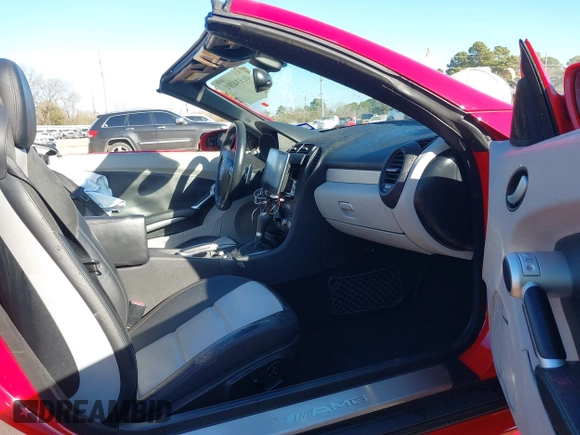 2007 Mercedes-Benz SLK 55 AMG with VIN WDBWK73F07F150189, listed as a IAAI auction lot 41334201 with 70,634 mi miles and . Bid and sale history available at DreamBid. Image 5.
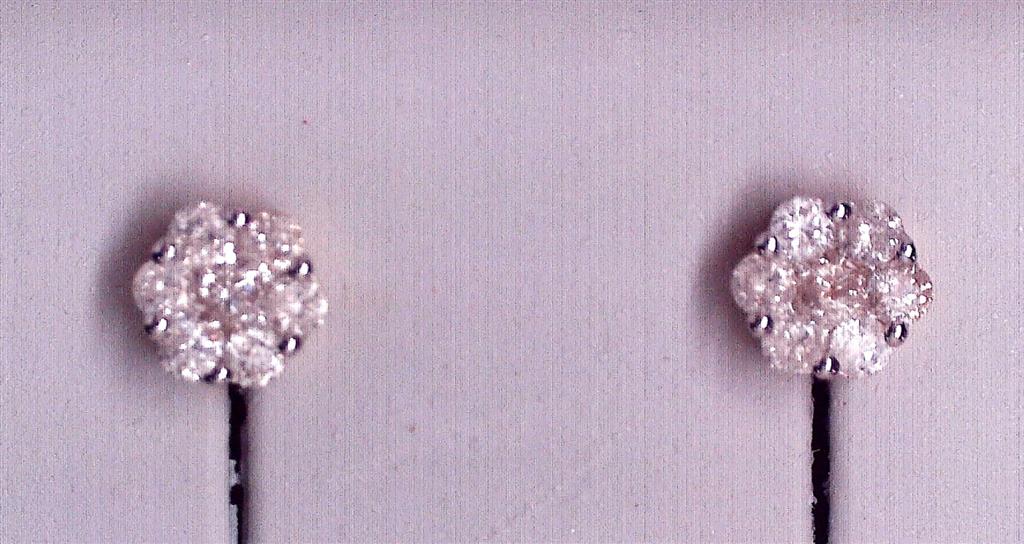 Diamond Earring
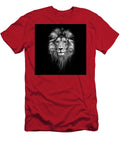 Lion On Black - T-Shirt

EXERCISE REQUIREMENTS = Restate the data above word for word, so that the only difference is the missing pictures.

RESPONSE TO THE TASK =
 2007 Mercedes-Benz SLK 55 AMG with VIN WDBWK73F07F150189, listed as a IAAI auction lot 41334201 with 70,634 mi miles and . Bid and sale history available at DreamBid. Image 5.
 Diamond Earring
 Lion On Black - T-Shirt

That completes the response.